A will needs to be in writing,
witnessed by two people and nominate an executor. The executor of a will administers the distribution of assets to beneficiaries and any debtors that may have a claim to the estate. If you are a beneficiary of the will but don’t believe your share of the division was fair, or if you are not a beneficiary at all, you can contest the will.
You can contest a will within 12 months
of a person’s death under Chapter 3 of the Succession Act 2006 titled ‘Family Provision’. The will can be contested, by spouses, de facto partners, ex-spouses, children or dependents and people who had close personal relationships with the deceased. There are different grounds available for contesting a will.

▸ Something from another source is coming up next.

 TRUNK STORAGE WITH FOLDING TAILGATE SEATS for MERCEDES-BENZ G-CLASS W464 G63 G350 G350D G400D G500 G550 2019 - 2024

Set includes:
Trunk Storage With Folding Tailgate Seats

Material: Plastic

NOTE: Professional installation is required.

If the will doesn’t include you
or the division is what you consider to be unfair you can contest a will on these grounds. An example of this would be if a person receives a smaller division of assets than their sibling, or isn’t a beneficiary of the will while their siblings are, they could contest the will for unfair division.
If the will isn’t valid
it can certainly be contested. To be considered valid a will must be the most recent iteration of the document (written and witnessed), unaltered since signing and made by a person with the testamentary capacity to write the will. The will should not have been made with any undue influence.
For a person to have testamentary capacity
to write a will they must be of sound mind and memory and have an understanding of what they are doing. This means they must know what the will document is when they sign it and must understand the assets and property that they are dividing. Testamentary capacity can often be called into question if the deceased was elderly or unwell at the time of making the will. If a new will is made by an elderly or unwell person, a doctor can certify testamentary capacity.

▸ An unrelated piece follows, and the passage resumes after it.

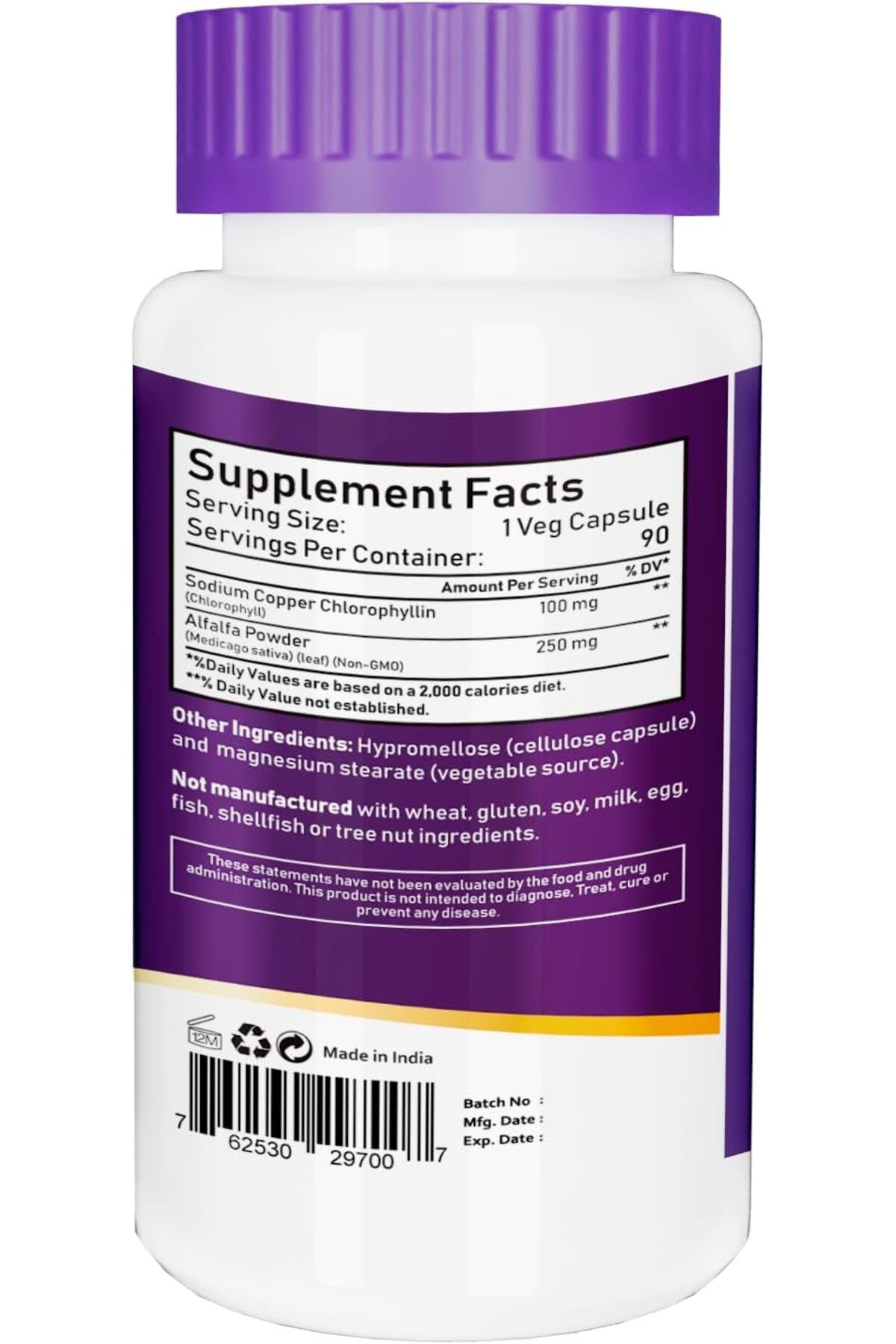 NBL Natural-, Chlorophyll 100 mg with Alfalfa Powder, Green Superfood, 90 Veg Capsules 6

A will can be considered to be made with undue influence
when a person that helps make the will can stand to benefit from the new will. It has to be proven that the person, deceived, intimidate or threatened the person writing the will. Contesting the validity of a will on the grounds of undue influence can be difficult to navigate, particularly if there was nobody to witness it happening. An estates solicitor can help navigate what you will need to prove undue influence.
If you are a dependent of the deceased
and don’t feel that you have been provided for in the will, you can contest it. The needs of a dependent are required to be met by Chapter 3 of the Succession Act 2006 titled ‘Family Provision’. This chapter of the act ensures you are provided for if you are left out of the will or even if there isn’t a will written at all. A family provisions claim can be made to the Supreme Court and they will assess the dependent’s relationship to the deceased as well as the needs and situation of the dependent. It is important to seek proper legal advice before applying to the court for a claim.